What do the highly skilled professionals do most of the time?
This might be surprising to you but most analysts in large institutions don’t analyze individual stocks. Large institutions have to look at capital markets as a whole and then spend most of the time
a) analyzing risks – the risks in their current holdings (because risks change over time), the current risks in the different areas of capital markets and potential future risks that may be coming up both in their holdings and on the market
b) formulating strategy – they’re steering a huge ship and there’s icebergs around (the risks) – they have to define their moves and start steering way ahead of an imminent danger. So once they’ve identified the risk distribution they have to decide on feasible ways of action.

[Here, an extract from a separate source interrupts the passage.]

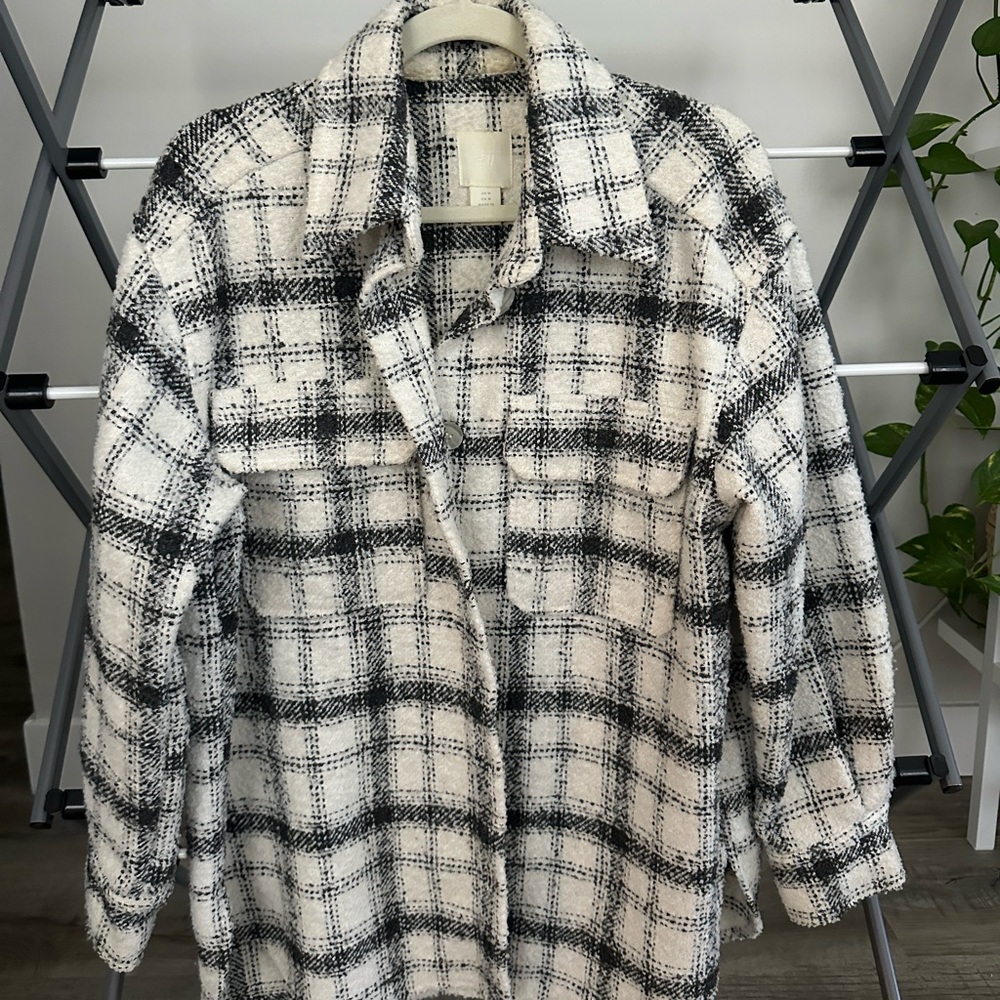 Outerwear h&m black and white jacket size medium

c) executing strategy – here are the non-trivial tasks of managing your liquid assets, buying significant stakes in large companies (ever wonder how you could buy 5% of MSFT if they only trade under 1% of float daily?), negotiating take-overs etc.
I am not saying that they big institutions don’t analyze and invest in smaller companies but when they do, it needs to fit their risk strategy and they can only shoot with their huge capital cannons at them. Like Buffett had to decide whether to invest half a billion in Snowflake or whether to invest nothing (half a bil. is still just 0.1% of Buffett’s company). And while doing that he/his team had to consider the risk distribution of his holdings and how an investment like SNOW will change in that.

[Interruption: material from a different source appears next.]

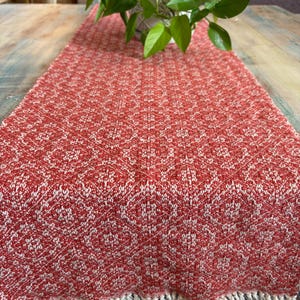 Caminos de mesa de algodón tejidos a mano - Colección Twilight Circles - Color rojo ladrillo - Hechos a mano en Florida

What can you do better than the pro’s?
– You can watch the companies in your portfolio/watchlist way more closely and manage your portfolio more carefully. Know the company’s plan, watch how it executes that plan, you can reallocate money from worse executing to better executing companies easily.

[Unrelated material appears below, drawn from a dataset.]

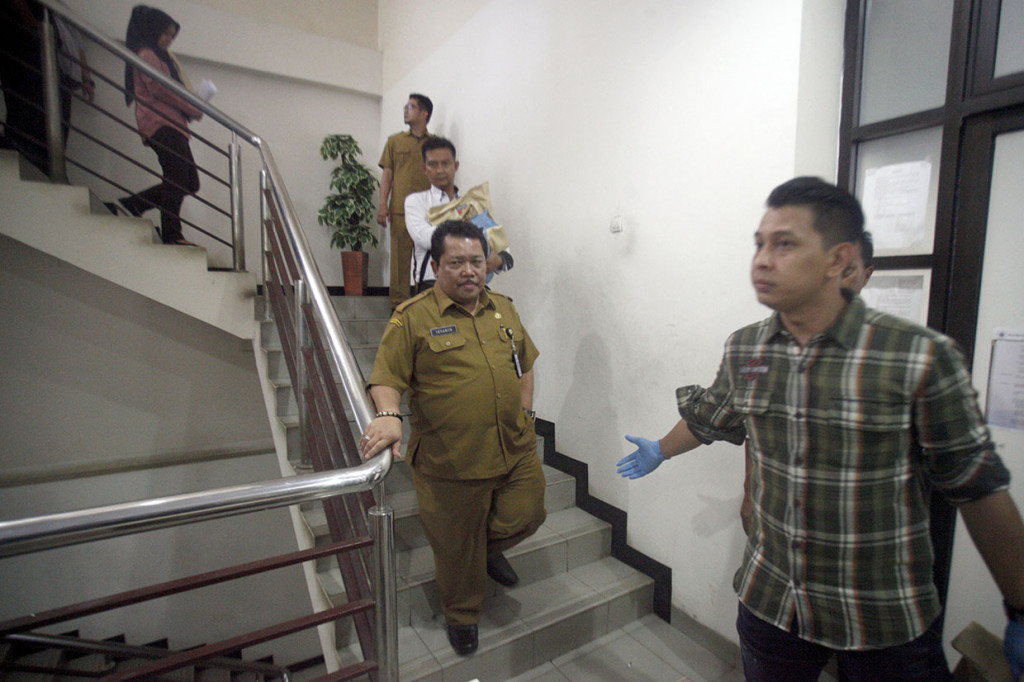 Penyidik Polres Bogor mengamankan empat kantong uang dan berkas yang dibungkus kardus serta amplop dari kantor DPKPP, dan kasus masih dalam penyelidikan lebih lanjut.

– have a cash buffer – it comes handy in weird market swings
– You can learn to make money trading options. This requires additional dedication but you can get a steady income stream from options if you don’t use them for gambling.
– specialize on a specific market – you may still hedge your bets, but you can gain a significant advantage if you understand a specific market well
– focus on the long term – you don’t need to abandon companies after a quarter or two of subpar results as long as their market plan still holds water in fact, you can buy more shares for a discount (some of my most lucrative buys were after well publicized but bogus short thesis on some compenies)
What can you do like the pro’s?
While you won’t ever be able to underwrite an IPO or offshore your taxes like the big guys do, you can:
– find somebody to discuss your investments/potential investments with. It has to be a specific person (or a couple of them) that you can trust and where you know how they tick. Bringing additional points of view or even going through explaining your thesis to somebody can make wonders for your gains. It doesn’t work with anonymous, ever changing internet coments that well though – people tend to pull stuff out of their asses.
– be mindful of the risks in your portfolio and learn to hedge
– understand larger capital markets and how they may influence your portfolio (i.e. my portfolio would be overvalued by traditional measures and I should sell it – but I understand that it’s because large investors lost opportunities in other capital markets and are forced to jack up stock prices)
Disclaimer: This information is only for educational purposes. Do not make any investment decisions based on the information in this article. Do you own due diligence or consult your financial professional before making any investment decision.